The parts with Mercy, though, she’d keep to herself. Because even if she loathed the man now, she would never allow someone like Ronnie into those sun-warmed moments in her room, with nothing but innocence and trust between her and the man she’d loved more than anything.
That was when, sitting in front of the ice cream parlor, she knew that she’d never love Ronnie, and that there wasn’t a damn thing she could do about it.
Thirty-One
Monday. Funeral day. Ava sat up before her alarm went off at six with a strange weightless feeling in her stomach. She’d been to almost a dozen such funerals, but never because of murder, and never after such a strange few days as these last few. MC funerals were bedecked in pomp, steeped in nostalgia, works of art, really, and for the first time since coming home, she woke up and felt almost like her old self. Like the club dau
ghter, instead of the country club girlfriend.
The second her feet touched the floor, in the chilly dark of her room, the energy began fizzling in her veins, that strange, morbid excitement. A member was dead. Bring out the bikes, say all your prayers, give thanks for your once-percent blood. And so it always went.
The pipes hummed with water flow, Maggie and Ghost already up and shuffling around, getting ready for the day. Ava felt something deep inside her, some unseen finger touching down on the clicker of a stopwatch. Like this day was about moving toward some finish line. She didn’t let it press her back under the covers and swallow her up, but she took note of it, nodded to herself, and stood up.
She showered, did her makeup, arranged her hair: loose waves, the mass of it pulled back at the crown and held off her forehead with a series of bobby pins. She dressed in a very fitted black pencil skirt that hit just above the knees, sheer black shirt with mother-of-pearl buttons, tucked in at the waistband of the skirt, her pearl studs, and her staple pumps. She folded back the shirt cuffs slipped Grandmother Teague’s pearl-studded bangle over her left wrist, the cool metal reassuring against her flushed skin.
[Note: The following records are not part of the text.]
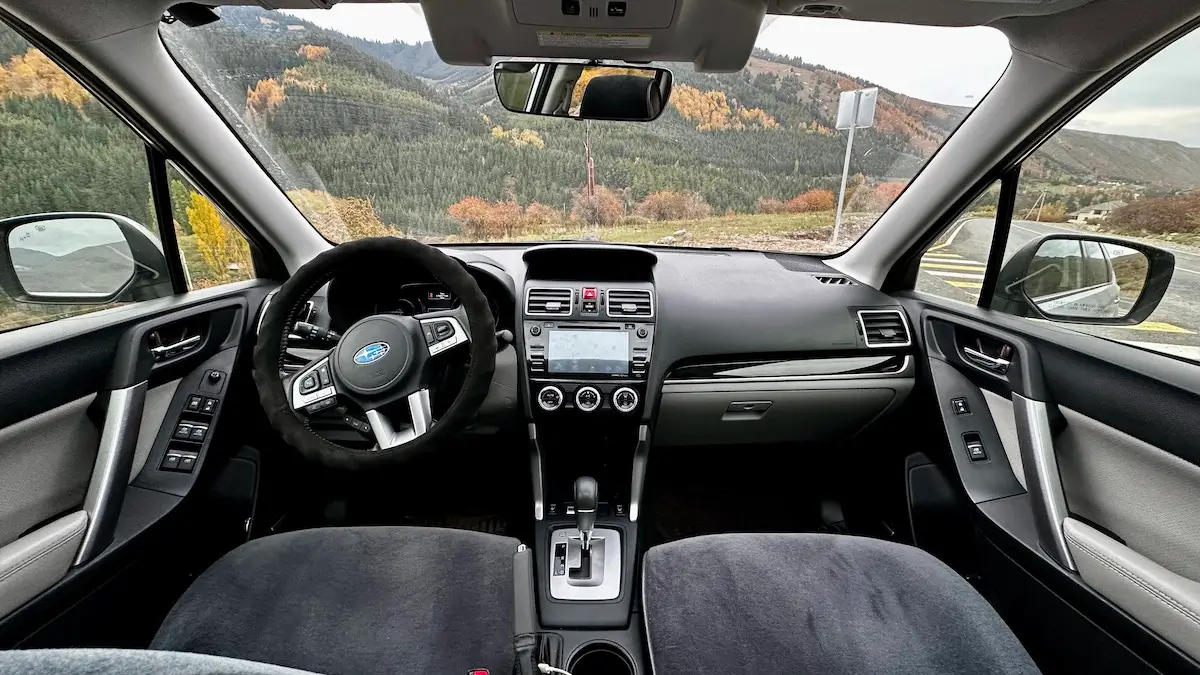 Subaru Forester 2017 — фото 3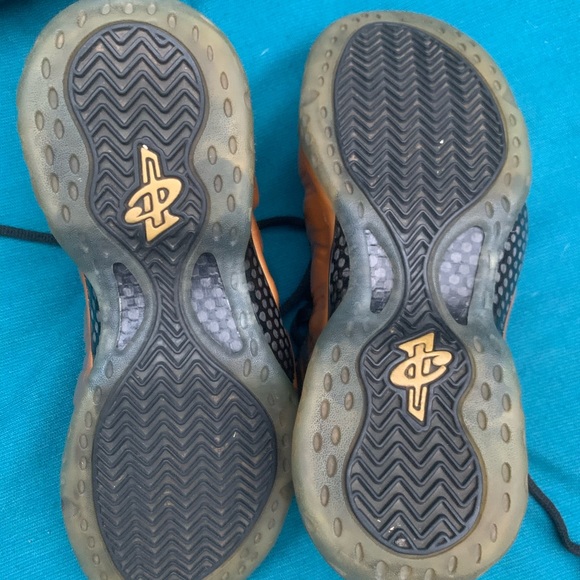 Nike Air Foamposite One Metallic Gold - Picture 6 of 8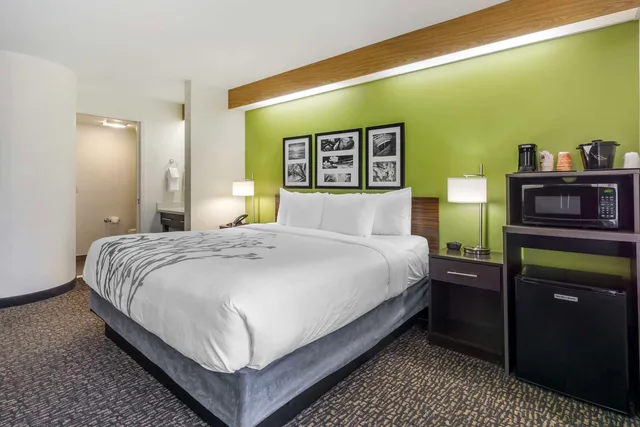 غرفة بسرير كينج، Sleep Inn Sea Tac Airport 1/4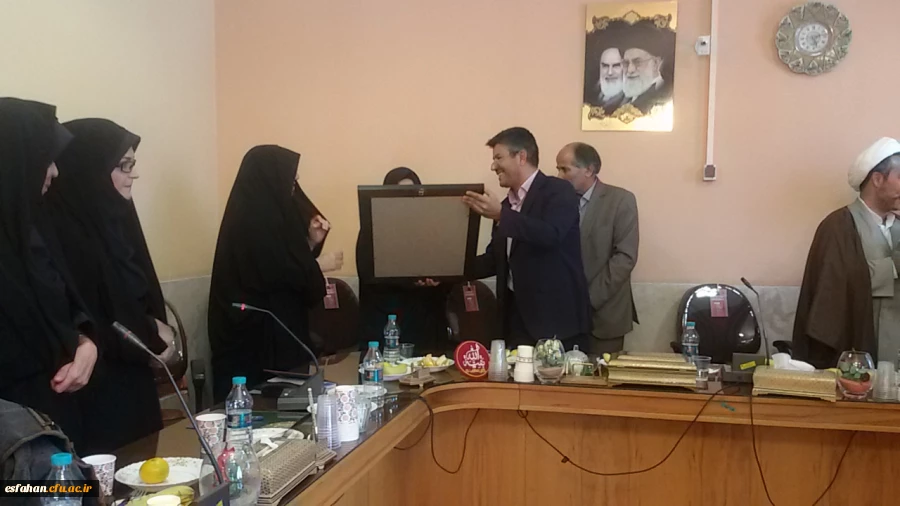 مراسم تجلیل و تکریم سرپرست مرکز آموزش عالی شهید رجایی دکتر امینی و معارفه سرپرست جدید دکتر کشمیری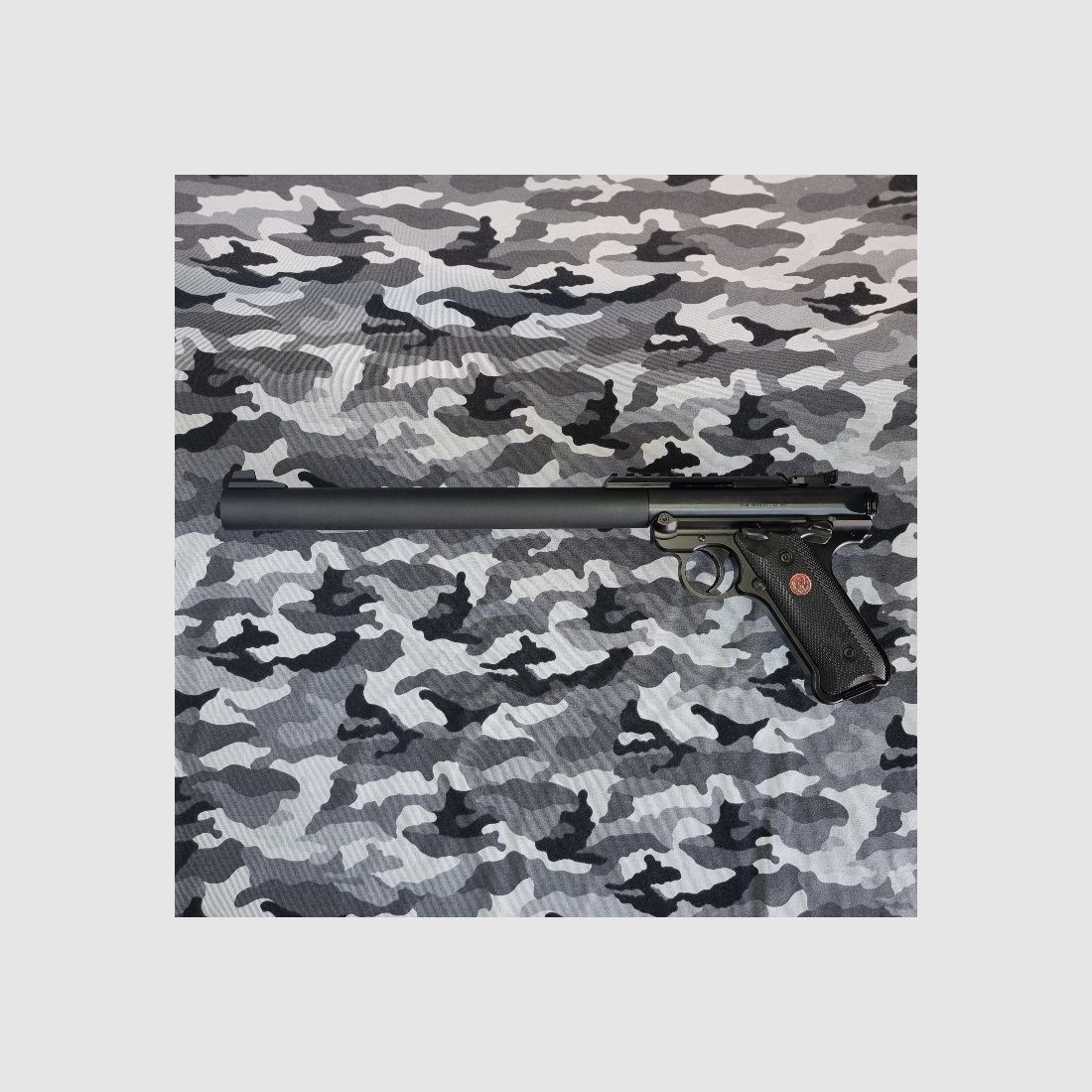 Pistole Ruger Mod. Mark IV Tactical .22 LR mit integriertem Schalldämpfer, Bild 1 von 10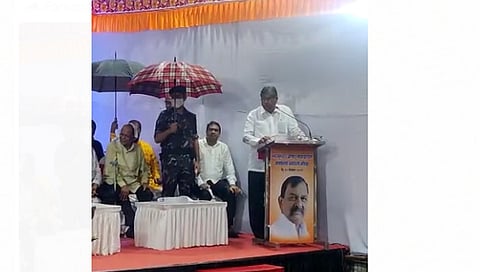 पुणे : भाजपा प्रदेशाध्यक्ष चंद्रकांत पाटील यांचा भरपावसात कार्यक्रम, पुण्यात चर्चा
Maggie was already in the kitchen when she arrived, in an elbow-sleeve black velvet dress with a deep scooped neck, over-the-knee boots, her hair tied up tight and her throat spangled with thin silver necklaces. She looked beautiful and inappropriate, and carried herself in a way that showed she didn’t give a damn.
“Good,” she said, as Ava entered. “We need to leave in five minutes.”
“Do I need to carry something out to the car?”
“That box there. Put it in the truck; we’re taking it so everything will fit.”